それなのに、こんな言葉をかけられただけで、優しい表情を向けられただけで、嬉しいと感じてしまうのは。
たったそれだけで充分だったからだ。
一生懸命に生きていることを、私はずっと、ただ誰かに褒めてもらいたかっただけだったのだ。

『……私昨日、目覚まし時計が鳴らなくて、寝坊して』
「うん」
『ICカードにチャージ忘れてて、改札でも止められて』
「遅刻、怒られた?」
『全力ダッシュして、間に合った……』
「え〜!なまえ、足が速いね〜」
『……私の前で、コピー機も壊れたし』
「大変!なおったの?」
『……直せなかったので、新しいのを』
「買ったんだ!これからは綺麗なの使えるね」
『でも、他の部署まで行ってせっかく資料作ったのに、会議も延期になっちゃって』
「延期?それじゃあ次の会議の前には仕事が1個少なくてラッキーだね〜」

小首を傾げてにこにこ笑っている彼は、きっと私の心の翳りなど、ひとつも知らないことだろう。
私にとって“不運なこと”を、彼はラッキーだと言う。私の世界はどれほどちっぽけで、私の考え方はどれだけ悲観的だったのか。彼から見た私はどれだけ卑屈で、そして情けない人間だったのか。

変な人だと思っていた。変わっていて、おかしな事ばかり言うくせに、なぜだか心底から怪しさを感じることが出来ない。
今日再びここへ来るのに、うだうだと考えながら仕事をしていた。どうして出会ったばかりの彼にまた会いたいなどと思っているのか。その答えが漸く明確な形になる。

ああ、きっとそうだ。
私はこの人に、救われたかったのだ。

『魔法使いだぁ……』

ついに表情を歪めてしまうと、堰を切ったように涙が溢れてきた。彼は途端におろおろとし始めて、私に向かってどうしたの?大丈夫?としきりに声をかけてくれる。

私にとってそうであるように、彼にとっても私は出会ったばかりの女で、そんな相手に泣かれるなんてきっと迷惑極まりない話。号泣なら尚更そうだ。

私は自分でも驚いていた。大人なら、どれも取るに足りないことだと思っていたのだ。
上司から体良く使われることも、理不尽な内容で怒られることも、美人な同僚と自分を比べてしまうことも、自分に降かかる小さな不運ばかりが目についてしまうことだって。社会に出ればそんなことはありふれた話で、自分の中で上手く折り合いをつけてそういうものたちと付き合っていくことこそが大人になるということなのだと、ずっとそう思っていたのだ。

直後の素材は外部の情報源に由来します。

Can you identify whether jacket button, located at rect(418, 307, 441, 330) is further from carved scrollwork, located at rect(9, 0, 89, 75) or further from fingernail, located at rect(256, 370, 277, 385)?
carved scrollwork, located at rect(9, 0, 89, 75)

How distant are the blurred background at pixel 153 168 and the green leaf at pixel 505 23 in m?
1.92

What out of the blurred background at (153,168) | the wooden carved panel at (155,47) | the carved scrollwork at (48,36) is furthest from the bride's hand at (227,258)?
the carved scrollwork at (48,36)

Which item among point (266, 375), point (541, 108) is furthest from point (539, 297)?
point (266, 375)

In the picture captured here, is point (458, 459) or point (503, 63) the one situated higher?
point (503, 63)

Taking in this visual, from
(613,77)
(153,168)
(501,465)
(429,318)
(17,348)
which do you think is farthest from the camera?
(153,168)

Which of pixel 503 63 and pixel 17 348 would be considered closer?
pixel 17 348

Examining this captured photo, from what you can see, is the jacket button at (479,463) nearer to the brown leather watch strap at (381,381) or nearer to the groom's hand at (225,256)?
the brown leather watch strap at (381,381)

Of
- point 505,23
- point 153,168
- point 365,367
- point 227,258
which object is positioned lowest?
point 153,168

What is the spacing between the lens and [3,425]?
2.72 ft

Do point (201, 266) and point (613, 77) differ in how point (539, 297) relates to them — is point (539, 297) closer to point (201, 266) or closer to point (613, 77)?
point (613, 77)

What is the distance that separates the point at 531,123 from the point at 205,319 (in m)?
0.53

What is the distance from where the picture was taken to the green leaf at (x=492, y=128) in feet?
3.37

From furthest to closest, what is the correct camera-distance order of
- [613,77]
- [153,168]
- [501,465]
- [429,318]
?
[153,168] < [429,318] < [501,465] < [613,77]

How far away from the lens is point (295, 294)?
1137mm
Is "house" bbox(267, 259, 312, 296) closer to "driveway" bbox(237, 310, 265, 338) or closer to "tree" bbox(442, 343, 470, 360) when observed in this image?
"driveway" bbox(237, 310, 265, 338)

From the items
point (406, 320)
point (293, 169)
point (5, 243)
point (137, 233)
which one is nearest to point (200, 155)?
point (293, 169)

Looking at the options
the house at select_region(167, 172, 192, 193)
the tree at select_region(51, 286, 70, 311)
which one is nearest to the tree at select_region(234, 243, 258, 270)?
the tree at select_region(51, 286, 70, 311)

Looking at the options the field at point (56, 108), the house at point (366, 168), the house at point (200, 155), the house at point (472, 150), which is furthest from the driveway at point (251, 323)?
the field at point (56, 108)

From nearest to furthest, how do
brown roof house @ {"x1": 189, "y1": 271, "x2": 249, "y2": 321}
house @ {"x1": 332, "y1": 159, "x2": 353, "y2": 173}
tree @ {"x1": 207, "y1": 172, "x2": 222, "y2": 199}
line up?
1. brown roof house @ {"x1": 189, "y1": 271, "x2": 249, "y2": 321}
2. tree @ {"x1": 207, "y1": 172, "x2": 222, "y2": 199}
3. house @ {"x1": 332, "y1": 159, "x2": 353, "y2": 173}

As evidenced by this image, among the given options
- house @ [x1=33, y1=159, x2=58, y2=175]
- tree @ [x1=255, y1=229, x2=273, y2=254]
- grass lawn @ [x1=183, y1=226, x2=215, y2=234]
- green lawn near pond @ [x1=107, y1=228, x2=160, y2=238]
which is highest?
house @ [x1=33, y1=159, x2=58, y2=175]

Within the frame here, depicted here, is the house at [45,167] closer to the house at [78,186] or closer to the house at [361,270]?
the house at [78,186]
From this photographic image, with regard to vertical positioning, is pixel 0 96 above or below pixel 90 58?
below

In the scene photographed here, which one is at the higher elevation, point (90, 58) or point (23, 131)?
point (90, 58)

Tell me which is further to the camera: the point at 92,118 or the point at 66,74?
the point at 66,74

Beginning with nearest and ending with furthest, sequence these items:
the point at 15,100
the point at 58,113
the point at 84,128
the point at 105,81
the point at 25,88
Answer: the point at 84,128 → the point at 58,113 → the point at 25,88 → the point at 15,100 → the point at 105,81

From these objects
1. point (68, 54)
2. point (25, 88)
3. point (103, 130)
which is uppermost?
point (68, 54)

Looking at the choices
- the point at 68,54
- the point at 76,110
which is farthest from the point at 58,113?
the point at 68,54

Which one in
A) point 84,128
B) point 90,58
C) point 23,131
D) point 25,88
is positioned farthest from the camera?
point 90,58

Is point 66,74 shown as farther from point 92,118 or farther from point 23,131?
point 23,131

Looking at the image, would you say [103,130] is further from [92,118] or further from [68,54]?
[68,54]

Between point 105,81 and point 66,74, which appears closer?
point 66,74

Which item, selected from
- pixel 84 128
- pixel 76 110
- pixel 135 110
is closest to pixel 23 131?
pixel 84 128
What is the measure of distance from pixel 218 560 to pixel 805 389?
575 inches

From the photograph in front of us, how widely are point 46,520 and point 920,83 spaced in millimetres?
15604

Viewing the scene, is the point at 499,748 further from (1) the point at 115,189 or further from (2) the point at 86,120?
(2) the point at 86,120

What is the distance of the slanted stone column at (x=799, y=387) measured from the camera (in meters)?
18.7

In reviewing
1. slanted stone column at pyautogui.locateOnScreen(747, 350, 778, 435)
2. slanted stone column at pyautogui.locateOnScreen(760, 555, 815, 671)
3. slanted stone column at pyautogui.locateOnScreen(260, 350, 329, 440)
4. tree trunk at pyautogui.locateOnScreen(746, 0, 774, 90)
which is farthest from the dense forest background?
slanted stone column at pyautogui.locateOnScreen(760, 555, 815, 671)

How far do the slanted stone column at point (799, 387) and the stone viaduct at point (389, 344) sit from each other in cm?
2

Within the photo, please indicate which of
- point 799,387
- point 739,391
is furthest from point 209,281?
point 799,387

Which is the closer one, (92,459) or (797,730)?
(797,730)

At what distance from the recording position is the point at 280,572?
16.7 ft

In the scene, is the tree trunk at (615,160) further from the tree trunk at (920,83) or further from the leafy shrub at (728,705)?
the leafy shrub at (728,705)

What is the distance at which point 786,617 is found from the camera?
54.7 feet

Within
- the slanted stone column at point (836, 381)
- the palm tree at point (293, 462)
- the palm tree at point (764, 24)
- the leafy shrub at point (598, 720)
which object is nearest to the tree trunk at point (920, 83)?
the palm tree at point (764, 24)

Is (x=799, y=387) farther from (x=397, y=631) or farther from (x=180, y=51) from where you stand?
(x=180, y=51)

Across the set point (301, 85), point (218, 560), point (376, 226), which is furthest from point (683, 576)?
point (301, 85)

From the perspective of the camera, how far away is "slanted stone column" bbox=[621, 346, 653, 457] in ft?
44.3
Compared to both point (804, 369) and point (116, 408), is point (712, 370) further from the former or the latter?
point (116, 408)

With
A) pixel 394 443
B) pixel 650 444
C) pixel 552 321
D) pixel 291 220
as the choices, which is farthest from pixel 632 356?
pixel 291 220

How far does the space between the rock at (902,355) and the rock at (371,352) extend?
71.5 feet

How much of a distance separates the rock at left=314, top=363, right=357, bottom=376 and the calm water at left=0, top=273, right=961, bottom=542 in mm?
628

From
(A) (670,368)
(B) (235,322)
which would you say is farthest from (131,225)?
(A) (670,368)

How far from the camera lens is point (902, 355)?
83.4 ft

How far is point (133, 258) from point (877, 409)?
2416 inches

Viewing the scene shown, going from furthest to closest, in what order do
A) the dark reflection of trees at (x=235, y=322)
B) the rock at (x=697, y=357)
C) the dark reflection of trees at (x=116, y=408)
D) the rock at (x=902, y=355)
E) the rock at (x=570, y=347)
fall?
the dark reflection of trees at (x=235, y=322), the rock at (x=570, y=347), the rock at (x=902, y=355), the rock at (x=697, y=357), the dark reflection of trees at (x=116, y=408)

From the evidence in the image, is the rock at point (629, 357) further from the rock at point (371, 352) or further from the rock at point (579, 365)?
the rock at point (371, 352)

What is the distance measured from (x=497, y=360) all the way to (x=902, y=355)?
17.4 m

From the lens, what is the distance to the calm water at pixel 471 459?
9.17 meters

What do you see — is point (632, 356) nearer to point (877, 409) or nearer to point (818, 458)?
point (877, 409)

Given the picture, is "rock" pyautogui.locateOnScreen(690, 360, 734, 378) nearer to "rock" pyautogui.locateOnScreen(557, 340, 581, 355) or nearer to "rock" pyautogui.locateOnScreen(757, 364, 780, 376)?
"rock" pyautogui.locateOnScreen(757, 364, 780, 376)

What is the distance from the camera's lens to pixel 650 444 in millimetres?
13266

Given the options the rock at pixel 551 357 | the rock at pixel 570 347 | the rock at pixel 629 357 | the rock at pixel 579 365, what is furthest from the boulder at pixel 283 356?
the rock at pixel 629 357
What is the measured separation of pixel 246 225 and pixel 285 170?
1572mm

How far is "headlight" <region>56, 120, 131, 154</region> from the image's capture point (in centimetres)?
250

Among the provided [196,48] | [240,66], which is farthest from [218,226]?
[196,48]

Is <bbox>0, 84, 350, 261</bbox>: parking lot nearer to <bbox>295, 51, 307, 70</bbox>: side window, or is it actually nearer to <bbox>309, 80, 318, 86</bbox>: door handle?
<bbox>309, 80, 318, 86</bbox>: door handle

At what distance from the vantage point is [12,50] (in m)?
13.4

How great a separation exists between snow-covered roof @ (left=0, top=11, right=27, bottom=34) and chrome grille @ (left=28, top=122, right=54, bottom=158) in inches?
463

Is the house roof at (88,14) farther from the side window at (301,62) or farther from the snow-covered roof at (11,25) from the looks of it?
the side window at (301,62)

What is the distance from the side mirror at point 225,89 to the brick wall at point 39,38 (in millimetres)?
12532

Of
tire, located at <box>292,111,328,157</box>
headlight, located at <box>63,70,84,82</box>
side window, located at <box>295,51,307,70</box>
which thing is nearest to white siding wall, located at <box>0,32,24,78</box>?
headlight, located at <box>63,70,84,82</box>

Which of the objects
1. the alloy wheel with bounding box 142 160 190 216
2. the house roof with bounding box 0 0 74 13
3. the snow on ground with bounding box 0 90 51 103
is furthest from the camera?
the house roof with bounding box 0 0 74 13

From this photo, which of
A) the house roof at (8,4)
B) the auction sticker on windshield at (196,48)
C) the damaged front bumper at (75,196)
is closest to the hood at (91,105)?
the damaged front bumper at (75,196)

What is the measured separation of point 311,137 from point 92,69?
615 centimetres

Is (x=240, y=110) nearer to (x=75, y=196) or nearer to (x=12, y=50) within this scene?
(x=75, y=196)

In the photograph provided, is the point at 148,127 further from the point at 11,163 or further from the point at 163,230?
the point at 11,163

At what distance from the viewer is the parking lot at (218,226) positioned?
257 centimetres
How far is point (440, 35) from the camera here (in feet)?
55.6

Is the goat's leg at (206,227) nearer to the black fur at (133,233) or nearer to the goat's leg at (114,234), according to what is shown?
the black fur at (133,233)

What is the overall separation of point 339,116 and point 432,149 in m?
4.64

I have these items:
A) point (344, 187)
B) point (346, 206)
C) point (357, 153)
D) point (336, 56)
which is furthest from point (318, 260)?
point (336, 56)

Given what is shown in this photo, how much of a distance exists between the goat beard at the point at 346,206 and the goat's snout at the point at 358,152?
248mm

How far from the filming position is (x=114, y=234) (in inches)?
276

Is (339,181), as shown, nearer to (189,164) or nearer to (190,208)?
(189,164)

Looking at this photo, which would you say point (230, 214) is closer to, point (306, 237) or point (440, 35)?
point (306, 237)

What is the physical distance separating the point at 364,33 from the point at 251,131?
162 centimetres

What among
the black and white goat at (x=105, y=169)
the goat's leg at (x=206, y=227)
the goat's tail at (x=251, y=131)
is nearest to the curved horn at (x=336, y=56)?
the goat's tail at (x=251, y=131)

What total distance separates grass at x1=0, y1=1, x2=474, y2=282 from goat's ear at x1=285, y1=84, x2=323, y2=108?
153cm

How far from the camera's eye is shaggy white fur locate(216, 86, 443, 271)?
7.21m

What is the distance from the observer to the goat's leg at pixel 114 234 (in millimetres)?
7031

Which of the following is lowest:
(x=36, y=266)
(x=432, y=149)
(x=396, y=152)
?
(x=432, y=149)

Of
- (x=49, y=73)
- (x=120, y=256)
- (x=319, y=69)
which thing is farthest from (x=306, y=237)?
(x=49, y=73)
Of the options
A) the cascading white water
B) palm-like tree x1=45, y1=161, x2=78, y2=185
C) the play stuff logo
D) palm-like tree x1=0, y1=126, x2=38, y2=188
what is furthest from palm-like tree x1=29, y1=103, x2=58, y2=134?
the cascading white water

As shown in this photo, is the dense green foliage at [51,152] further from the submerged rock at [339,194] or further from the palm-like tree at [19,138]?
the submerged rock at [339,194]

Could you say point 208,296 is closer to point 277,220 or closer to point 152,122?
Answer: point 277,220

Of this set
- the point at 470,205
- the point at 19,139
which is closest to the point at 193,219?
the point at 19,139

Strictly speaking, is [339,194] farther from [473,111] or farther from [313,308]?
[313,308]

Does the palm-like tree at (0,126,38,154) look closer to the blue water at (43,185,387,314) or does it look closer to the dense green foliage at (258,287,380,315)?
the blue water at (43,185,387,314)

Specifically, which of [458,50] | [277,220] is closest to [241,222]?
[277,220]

小さなことばかりかもしれない。周りだってみんなそうなのかもしれない。
けれどそんなことが自分で思っていたよりもずっと苦しくて、しんどくて、もしかしたらいつからか、劇的な何かを待っていたのかもしれない。

こういう人に出会いたかったのかもしれない。

「なまえ、どうしてオレが魔法使いだってわかったの?」

なんとか涙を止めようと奮闘していると、不意に隣から声がかかって、私は咄嗟に顔を上げる。
え?この人いま、なんて?

『……ま、魔法使い……?本当に……?』
「うん。ランプの魔人だよ。でももう1年くらい経っちゃった」

問うと尚更わけのわからないことを言われて、私は頭にいくつもの疑問符を浮かべた。
ランプの魔人。アラジンに登場する、なんでも願いを3つ叶えてくれるという人物。あれのことだろうか。

驚きからか、気付けば涙は止まっていた。

『……?な、なんの話ですか?』
「お芝居。ランプの魔人役をしたよっていうお話」
『お、お芝居!?』

大袈裟に仰け反って聞き返すと、彼は楽しそうに笑ったあと、劇団に入っているのだと言った。
……劇団。天鵞絨町という有名な町があって、あの辺りには多くの劇場が存在しているのだという。私は一度も行ったことがないのだけれど、この公園からもそう遠くはないから、いつも彼は天鵞絨からやって来ているのかもしれない。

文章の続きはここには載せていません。